European Film Week films:
Brian Tallerico Review on the film “Transit”
Art and Experience: “Ports are places where stories are told,” a character says in Christian Petzold’s masterful “Transit,” a film that closes out what the director has called his “Love in the Time of Oppressive Systems Trilogy” with “Barbara” and “Phoenix.” At first, the parallels between “Transit” and “Phoenix” are striking. Both films are about identity and betrayal, and this film is based on a novel by Anna Seghers from the era in which “Phoenix” takes place: World War II Europe. As it unfolds and expands, “Transit” starts to echo several other clear inspirations from “Casablanca” to Kafka to even some more modern filmmakers like the Dardennes and Aki Kaurismaki, and yet this is very much a Christian Petzold film, first and foremost. It explores the themes that clearly fascinate him with his confidence of visual language and gift with performers. It is daring, riveting, and the first great movie of 2019.
In Paris, Georg is asked to take two pieces of correspondence to a writer named Weidel. When Georg gets to the hotel, he finds a bathroom covered in the blood of the man he was supposed to meet, who has committed suicide. He takes the writer’s belongings and jumps a train with a man named Heinz who has been injured. The two are headed to Marseilles to hop a boat to Mexico, where they might be safe, but Heinz dies on the journey. Two dead men will shape Georg’s future, guiding him into the lives they left behind.
Throughout “Transit,” Georg plays different roles. He’s a father to a boy named Driss; he’s a friend to a doctor named Richard; he eventually meets Marie Weidel and becomes a version of the person who left her behind; and he’s even the film’s (not necessarily reliable) storyteller, as the movie is narrated by a bartender who heard this tale from his best customer. “Transit” is essentially about a man caught in purgatory considering the lives he could have had as a writer, doctor, father, lover before he’s allowed to move on to the next phase. He even reads one of the writer’s stories about a man waiting to get into Hell only to be told that he’s already there.

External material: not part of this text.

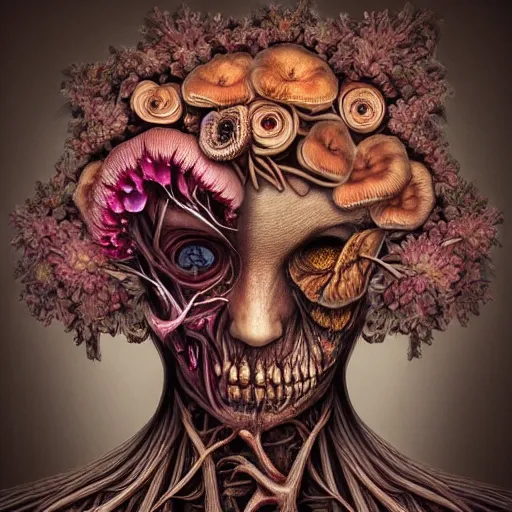 Prompt: a beautiful detailed photo of a rotten woman corpse morphing into fractal plants and fractal flowers and mushrooms, muscles, veins, anatomical, intricate, ornate, volumetric light, beautiful lit, romero ressendi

Petzold’s “Phoenix” was steeped in noir visual language, and this story could have been told in the same smoky, neon-lit style, but he conveys a lot of “Transit” in the bright light of Southern France, adding to the sense of confusion and disconnect that defines the film. Georg sometimes looks like a time traveler, and one could be forgiven for thinking this is a story of a Jew fleeing the Third Reich until Petzold drops in a shot from a surveillance camera or of a modern automobile. It adds both to the sense of purgatory—the idea that this is a man who doesn’t belong and isn’t sure where he’s going—and the feeling that Georg is lost, not just in place but time. When he connects with Marie, it almost feels like he’s connecting for the first time in his life, and yet this connection is based at least partially on a lie. Even in his truest moments, he is not exactly himself. He is a fill-in for a missing father or a missing husband.
Rogowski elevates the film by nailing a very difficult part—it’s purposeful that Georg is in every scene in that it adds to the overall sense of confusion to limit our perspective to only his. Instead of presenting Georg as the cipher he could have easily become, Rogowski makes fully three-dimensional a protagonist who feels both classical in his Kafkaesque dilemma and yet also relatable in his emotions and actions. It’s a great performance.
As he did with “Phoenix,” Petzold completely sticks the landing, concluding with an almost mirror image of his last film’s perfect closing shot. It’s an ending that is both hopeful and uncertain. In other words, it captures the tone of a film about a man stuck between Heaven and Hell, and the stories he becomes a part of while he’s there.